When Something Wild first appeared fifteen years ago, the rapid-fire switches of tone and tempo Demme engineered seemed to be playing emotional hopscotch with the audience’s expectations. Compared to David Lynch’s nightmarish Blue Velvet, released the same year, Demme’s descent into chaos lacked depth or conviction. The notion of a yuppie-turned-vigilante came across as a simple-minded conceit. However, over the ensuing years, Demme’s investment in his characters and skillful direction of his players have gained in weight, while Lynch’s exercise in post-modernist irony less convincingly engages the emotions. Something Wild‘s two leads in particular, Griffith and Daniels, have rarely been as good. Griffith’s kewpie-doll sexuality has subsequently succumbed to caricature, but in Something Wild it is evocative and engaging. Daniels’s everyman persona has seemed too often to be an excuse for blandness, but Charlie’s transformation from feckless urbanite to committed romantic is convincing and compelling. Charlie’s experience as a fish-out-of-water unhinges his customary expectations, and Demme allows that process of transformation to be both comic and dramatic. In addition, the director is never hesitant to sprinkle his involved narrative with delightful details that come out of left field. As the protagonists cross the back roads of the country, Demme creates the sense of a crazy quilt of individuals operating on their own wavelengths, like Tracy Walter’s anglophile liquor store owner, and the black cowboy (The Texas Kid) to whom Charlie and Audrey give a lift.
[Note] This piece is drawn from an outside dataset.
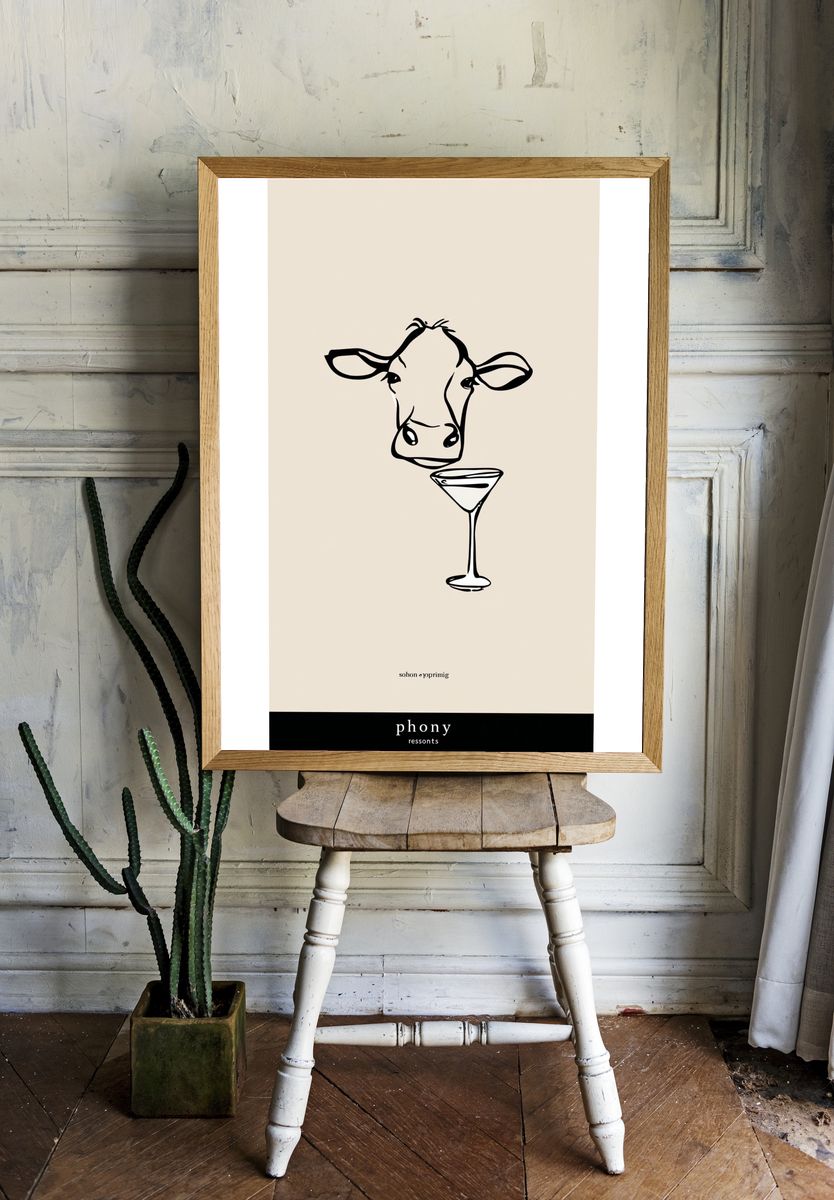 Cow with Martini — Illustration Print. room preview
The music that accompanies their road trip is as diverse and diverting as the events it accompanies. Demme has traditionally paid close attention to his soundtracks, an unsurprising practice for the director of one of the best concert films, Stop Making Sense (1984). The Troggs’s rock ‘n’ roll warhorse “Wild Thing” plays throughout the film, most memorably under the final credits in a reggae version sung by Sister Carol. Background music is by John Cale, a founding member of the Velvet Underground, and Laurie Anderson. Playing at the high school reunion is the legendary new wave band The Feelies, who perform covers of “I’m A Believer” and “Fame,” in addition to their own idiosyncratic material.
In Something Wild, it never seems as though Demme is trying to call attention to his own eclecticism by the score or by his fusion of narrative forms. If anything, one feels that, like Lulu/Audrey does for Charlie, the director is taking himself, and the audience, for a wayward ride. Demme never loses sense of his destination and, more the point, is always willing to take a detour, convinced that something unexpected and exhilarating is available at the end of the road.